ATM - Concepts and Architecture
Cell-Relay provides a compromise between fixed synchronous
allocation mechanisms and bursty, routable packet interfaces.
The Asynchronous Transfer Mode (ATM) protocols and architecture
have managed to gather an impressive amount of market and media
attention over the last several years. Intended as a technique to
achieve a working compromise between the rigidity of the telecommunication
synchronous architecture and packet network's unpredictable load behavior,
ATM products are appearing for everything from high-speed switching to
local area networking. ATM has caught the interest of both the
telecommunications community as a broadband carrier for Integrated Services
Digital Network (ISDN) networks as well as the computer industry,
who view ATM as a strong candidate for high-speed Local Area Networking.
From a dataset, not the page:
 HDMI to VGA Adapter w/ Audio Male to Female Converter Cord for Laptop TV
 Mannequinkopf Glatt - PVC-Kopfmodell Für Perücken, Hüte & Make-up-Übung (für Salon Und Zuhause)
This article covers the basic concepts involved in the ATM architecture.
At the core of the ATM architecture is a fixed length "cell."
An ATM cell is a short, fixed length block of data that contains a short
header with addressing information, followed by the upper layer traffic,
or "payload." The cell structure, shown in Figure 1, is 53 octets
long, with a 5 octet header, followed by 48 bytes of payload.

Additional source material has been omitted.